Start of SUPPLIED ENTRIES

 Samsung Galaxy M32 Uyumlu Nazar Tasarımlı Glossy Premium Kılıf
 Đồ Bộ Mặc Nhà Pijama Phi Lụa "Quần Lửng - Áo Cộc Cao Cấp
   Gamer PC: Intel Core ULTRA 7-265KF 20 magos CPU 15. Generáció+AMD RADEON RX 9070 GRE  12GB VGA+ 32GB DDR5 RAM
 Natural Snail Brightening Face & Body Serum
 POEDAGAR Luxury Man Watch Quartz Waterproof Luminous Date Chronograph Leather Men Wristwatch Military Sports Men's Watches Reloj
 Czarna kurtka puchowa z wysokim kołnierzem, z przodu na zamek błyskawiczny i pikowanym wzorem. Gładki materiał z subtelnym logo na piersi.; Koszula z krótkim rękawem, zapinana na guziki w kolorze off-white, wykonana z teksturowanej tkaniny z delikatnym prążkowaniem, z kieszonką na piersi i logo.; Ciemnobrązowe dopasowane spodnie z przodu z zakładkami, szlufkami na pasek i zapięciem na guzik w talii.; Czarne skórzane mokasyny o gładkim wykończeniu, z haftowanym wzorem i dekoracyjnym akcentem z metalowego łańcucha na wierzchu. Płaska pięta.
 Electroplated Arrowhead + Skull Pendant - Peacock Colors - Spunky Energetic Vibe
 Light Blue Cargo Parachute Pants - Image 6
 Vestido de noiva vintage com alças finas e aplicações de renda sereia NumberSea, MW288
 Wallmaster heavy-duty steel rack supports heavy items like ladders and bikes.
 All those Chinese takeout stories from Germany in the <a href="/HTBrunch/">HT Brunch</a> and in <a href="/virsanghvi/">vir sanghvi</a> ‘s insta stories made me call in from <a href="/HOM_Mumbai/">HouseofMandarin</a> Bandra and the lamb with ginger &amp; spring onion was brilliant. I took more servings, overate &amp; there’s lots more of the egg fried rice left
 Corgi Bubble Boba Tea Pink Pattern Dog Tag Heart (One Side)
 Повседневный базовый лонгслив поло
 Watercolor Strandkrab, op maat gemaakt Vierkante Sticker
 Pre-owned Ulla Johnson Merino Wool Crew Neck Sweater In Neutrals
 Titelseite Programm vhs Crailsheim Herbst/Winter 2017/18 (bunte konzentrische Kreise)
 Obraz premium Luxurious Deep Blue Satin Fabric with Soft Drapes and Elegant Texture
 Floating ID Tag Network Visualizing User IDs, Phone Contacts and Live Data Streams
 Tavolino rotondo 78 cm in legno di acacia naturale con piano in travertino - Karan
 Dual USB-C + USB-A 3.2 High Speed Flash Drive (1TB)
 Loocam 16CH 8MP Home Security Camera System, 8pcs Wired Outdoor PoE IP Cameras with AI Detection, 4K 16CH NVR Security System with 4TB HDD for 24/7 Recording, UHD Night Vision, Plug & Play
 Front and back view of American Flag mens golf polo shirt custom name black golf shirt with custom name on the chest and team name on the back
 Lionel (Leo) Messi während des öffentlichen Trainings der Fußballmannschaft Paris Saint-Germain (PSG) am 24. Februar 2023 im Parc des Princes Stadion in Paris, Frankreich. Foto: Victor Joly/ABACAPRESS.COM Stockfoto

End of SUPPLIED ENTRIES

Set down exactly the lines that begin with the one containing "Dual USB-C +" and end with the last line above, and no others.

 Dual USB-C + USB-A 3.2 High Speed Flash Drive (1TB)
 Loocam 16CH 8MP Home Security Camera System, 8pcs Wired Outdoor PoE IP Cameras with AI Detection, 4K 16CH NVR Security System with 4TB HDD for 24/7 Recording, UHD Night Vision, Plug & Play
 Front and back view of American Flag mens golf polo shirt custom name black golf shirt with custom name on the chest and team name on the back
 Lionel (Leo) Messi während des öffentlichen Trainings der Fußballmannschaft Paris Saint-Germain (PSG) am 24. Februar 2023 im Parc des Princes Stadion in Paris, Frankreich. Foto: Victor Joly/ABACAPRESS.COM Stockfoto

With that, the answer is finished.